Organ-specific manifestations may involve the upper respiratory tract, lungs, kidneys, and blood vessels. Patients with Granulomatosis with Polyangiitis often present with ENT involvement, pulmonary symptoms, and renal abnormalities. The inflammatory process leads to narrowing and damage of blood vessels, which contributes to systemic and organ-related symptoms.
Causes
The presence of c-ANCA is caused by an autoimmune response in which the immune system produces antibodies against proteinase-3 within neutrophils. This abnormal immune activity results in neutrophil activation, endothelial injury, and inflammation of blood vessels.
c-ANCA is most strongly associated with Granulomatosis with Polyangiitis. It may also be variably present in other ANCA-associated vasculitides, though p-ANCA is more common in conditions such as microscopic polyangiitis, eosinophilic granulomatosis with polyangiitis, and inflammatory bowel disease. Drug-induced vasculitis and renal-limited vasculitis may occasionally show c-ANCA positivity.
Risk Factors
Risk factors for c-ANCA–associated diseases include the presence of autoimmune disorders and conditions that predispose individuals to immune dysregulation. Patients with a clinical suspicion of vasculitis involving the respiratory tract, kidneys, or systemic vasculature are at higher risk of testing positive.

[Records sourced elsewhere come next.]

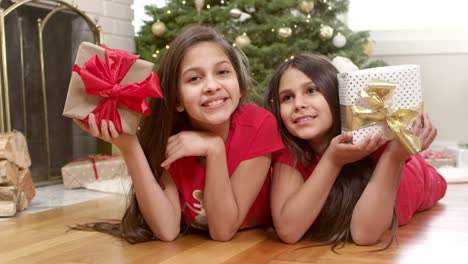 Two-sisters-lay-on-the-floor-in-front-of-the-christmas-tree-and-hold-up-their-presents.-Portrait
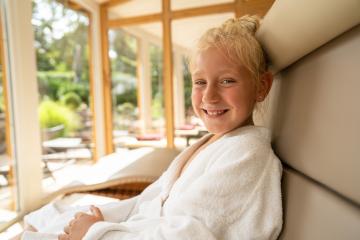 young girl relaxing in a lounger at a wellness spa hotel, smiling in a white robe, with a sunny garden view- Stock Photo or Stock Video of rcfotostock | RC Photo Stock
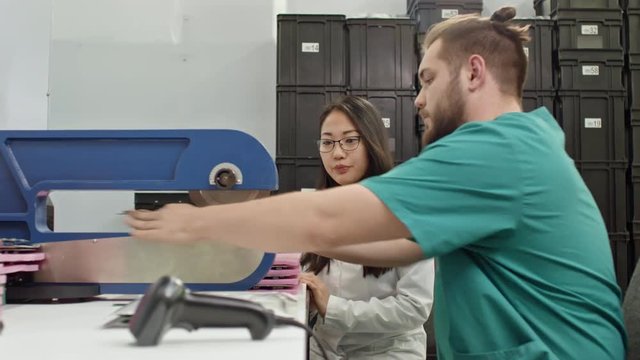 Technician separating PCB material with cutting machine while working with female assistant 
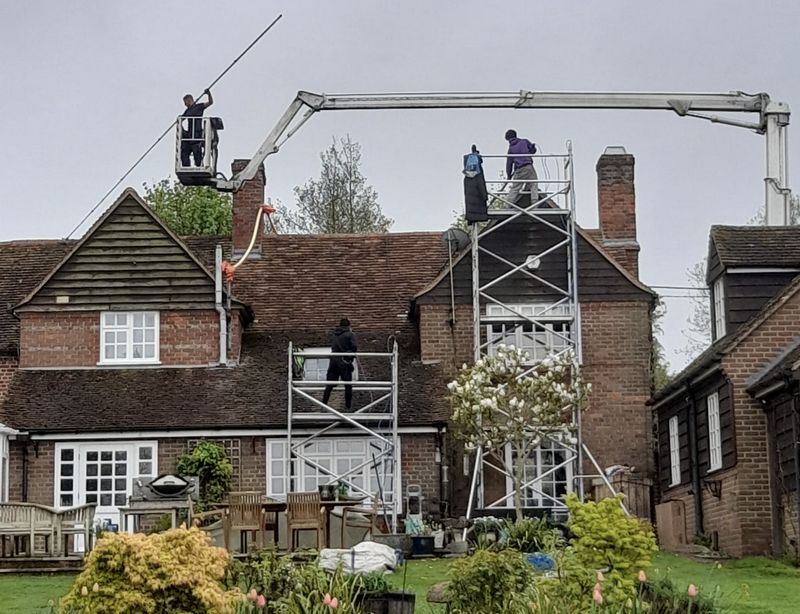The Roof Moss Cleaners using cherry picker and scaffolding to clean roof safely and professionally in Winchcombe, Gloucestershire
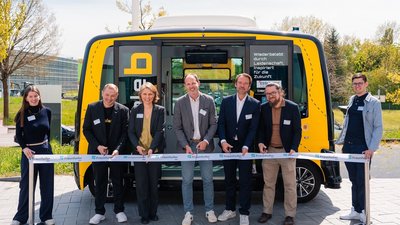 Gruppe von M&auml;nnern und Frauen schneidet ein rotes Band durch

Certain medications can contribute to drug-induced vasculitis with possible ANCA positivity. Although infections and other autoimmune conditions may lead to false-positive results, c-ANCA remains highly specific for GPA. Interpretation of results must consider clinical presentation, antibody titers, and associated laboratory findings.
Prevention
There is no direct method to prevent c-ANCA formation, as it is related to autoimmune disease mechanisms. However, early detection through appropriate testing plays a crucial role in preventing disease progression and organ damage.

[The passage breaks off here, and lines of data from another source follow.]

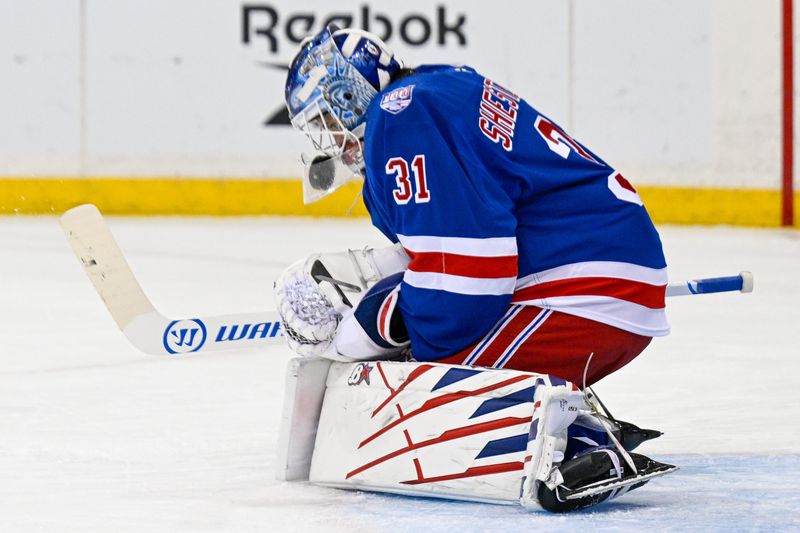 Nov 24, 2025; New York, New York, USA;  New York Rangers goaltender Igor Shesterkin (31) makes a save against the St. Louis Blues during the first period at Madison Square Garden. Mandatory Credit: Dennis Schneidler-Imagn Images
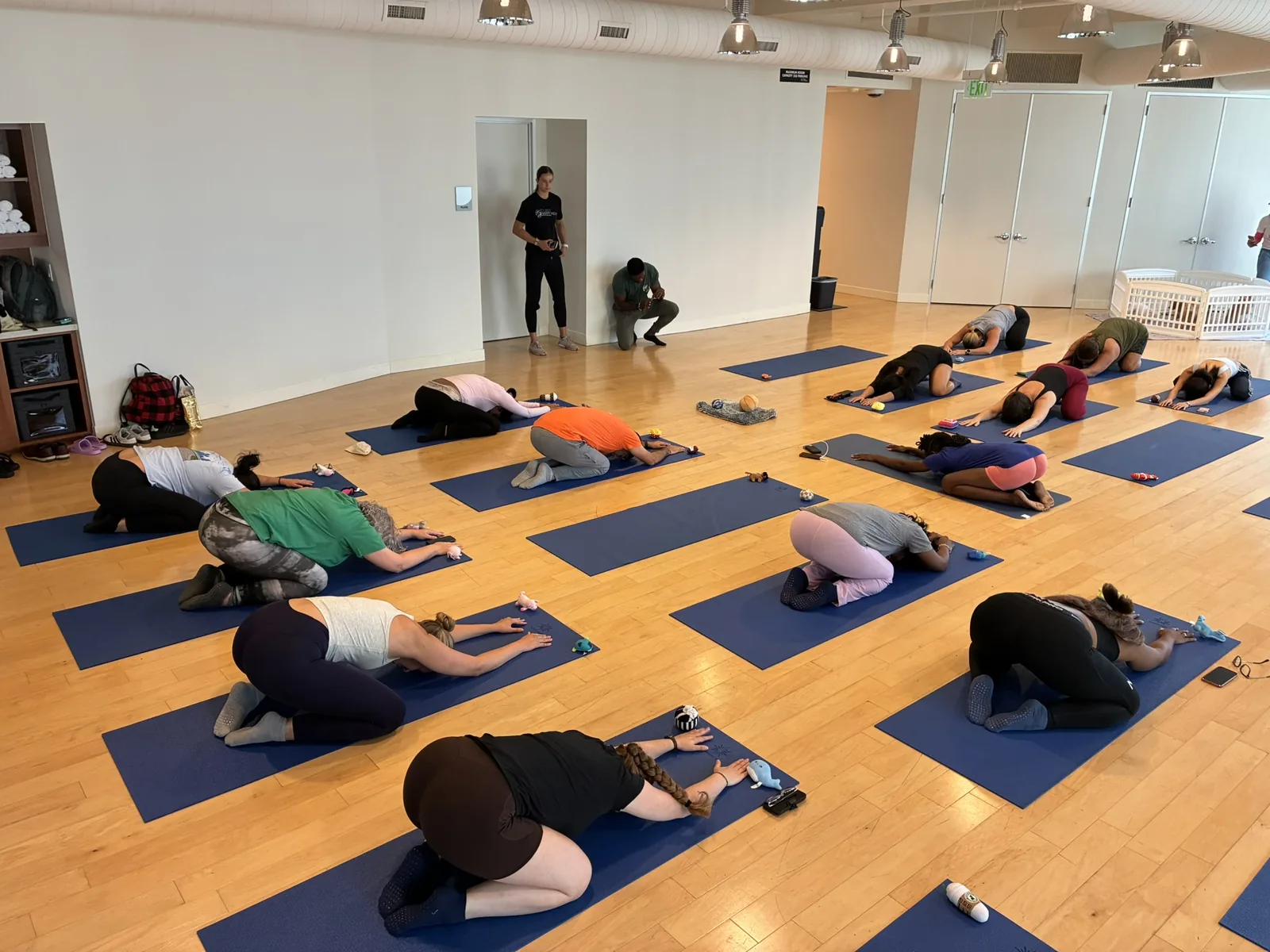 Adults resting in child's pose while puppies wander the mats at a Houston session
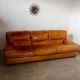 Vintage 3-seater sofa in Camel brown leather design roche bobois France from the 70s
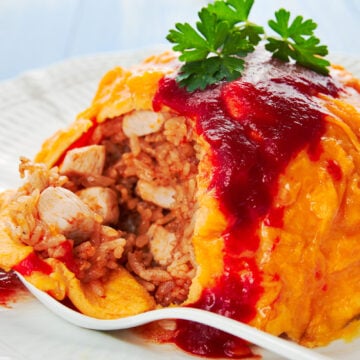 Omurice is a mashup of savory sweet chicken fried rice with a creamy omelette.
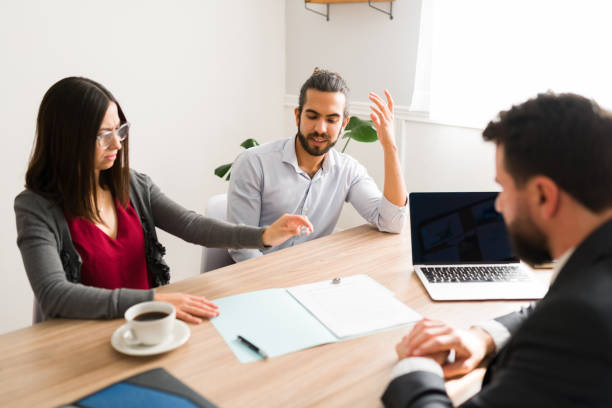 istock Couple reaching a divorce settlement 1363522326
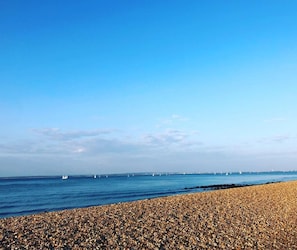 Ein Kiesstrand mit Meer und Booten in der Ferne.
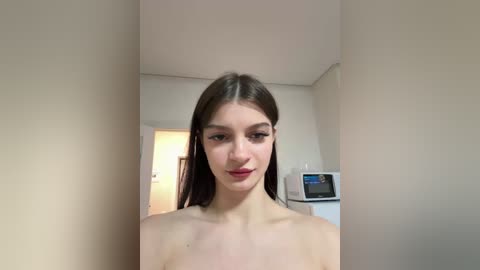 Video of a young woman with fair skin and straight brown hair, standing nude in a modern, minimalist room with beige walls and white furniture.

Timely diagnosis allows for early initiation of treatment and ongoing monitoring of disease activity. Regular follow-up testing helps assess treatment response and detect relapses. Since test results alone are not diagnostic, they should always be interpreted alongside clinical findings and other investigations to ensure accurate diagnosis and management. Awareness of test limitations and potential false positivity due to infections or other autoimmune conditions is essential for appropriate clinical decision-making.